The government says it is negotiating a gold-for-oil barter deal to address using the country’s “dwindling foreign exchange reserves” to procure oil products.
Vice President Dr Mahamudu Bawumia, disclosing this on his Facebook page on Thursday, said, “The barter of sustainably mined gold for oil is one of the most important economic policy changes in Ghana since its independence.”
He said the government expects “this new framework to be fully operational by the end of the first quarter of 2023.”
There has been a recent hike in petroleum products including diesel and petrol. The price of diesel went up to more than GH¢23, while the price of petrol shored up to GH¢18.
The Executive Secretary of the Chamber of Petroleum Consumers (COPEC) explained that the rise is due to the increase in taxes on petrol to around 422% within the year.
He noted that the National Petroleum Authority (NPA) should not be blamed for the increase in prices; instead, he believes it is due to mismanagement by the government.
Mr Amoah, therefore, implored the government to minimise the increase in petroleum taxes, saying it may lead to the loss of jobs in the petroleum sector.
On his part, the Public Relations Officer of NPA, Mohammed Abdul-Kudus, said the increment in prices should be blamed on the cedi depreciation and not taxes.

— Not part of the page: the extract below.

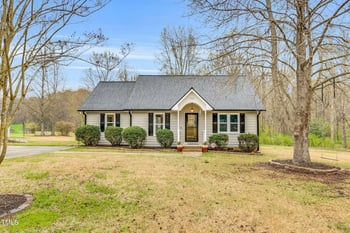 102 Steven Pl, Benson, NC 27504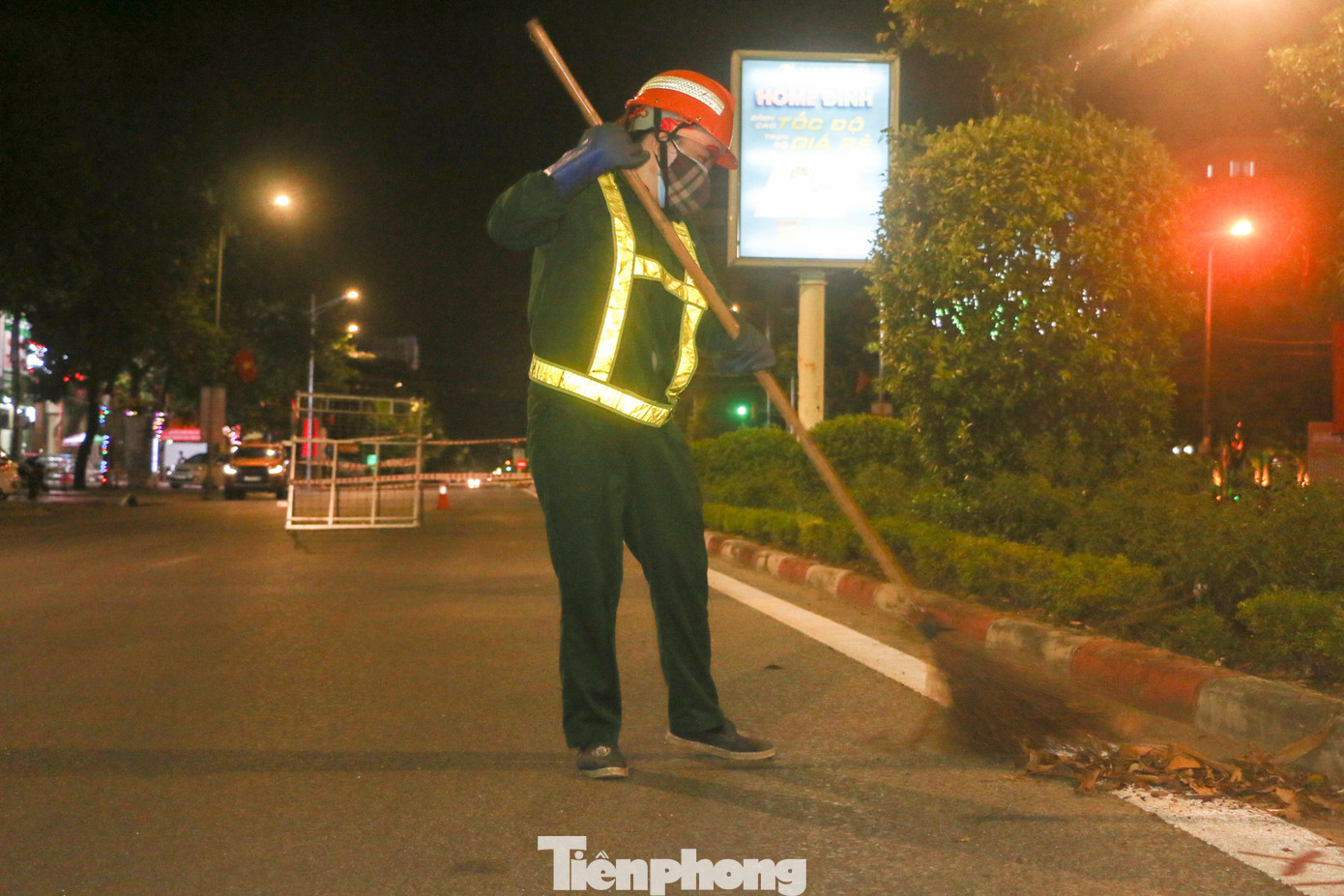 Chị Nguyễn Thị Tâm (SN 1989, quê ở xã Hưng Long, huyện Hưng Nguyên, Nghệ An) cho hay, làm việc trong điều kiện đặc thù, thường xuyên phải tiếp xúc với chất bẩn, độc hại nên vấn đề bảo hộ được đặt lên hàng đầu. Dịch COVID-19 bùng phát tại thành phố Vinh đã lâu nhưng chị Tâm chưa được tiêm vắc xin, theo lịch đến ngày 1/9, chị Tâm sẽ được tiêm mũi vắc xin đầu tiên. Chị Nguyễn Thị Tâm (SN 1989, quê ở xã Hưng Long, huyện Hưng Nguyên, Nghệ An) cho hay, làm việc trong điều kiện đặc thù, thường xuyên phải tiếp xúc với chất bẩn, độc hại nên vấn đề bảo hộ được đặt lên hàng đầu. Dịch COVID-19 bùng phát tại thành phố Vinh đã lâu nhưng chị Tâm chưa được tiêm vắc xin, theo lịch đến ngày 1/9, chị Tâm sẽ được tiêm mũi vắc xin đầu tiên.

Perhaps hope is on the horizon.
The Vice President said, “To address this challenge, government is negotiating a new policy regime where our gold (rather than our US dollar reserves) will be used to buy oil products.
“The barter of sustainably mined gold for oil is one of the most important economic policy changes in Ghana since independence.”
He added, “If we implement it as envisioned, it will fundamentally change our balance of payments and significantly reduce the persistent depreciation of our currency with its associated increases in fuel, electricity, water, transport, and food prices.”
Dr Bawumia explained that “This is because the exchange rate (spot or forward) will no longer directly enter the formula for the determination of fuel or utility prices since all the domestic sellers of fuel will no longer need foreign exchange to import oil products.”
According to him, “The barter of gold for oil represents a major structural change. My thanks to the Ministers for Lands and Natural Resources, Energy, and Finance, Precious Minerals Marketing Company, and the Governor of the Bank of Ghana for their supportive work on this new policy. We expect this new framework to be fully operational by the end of the first quarter of 2023.”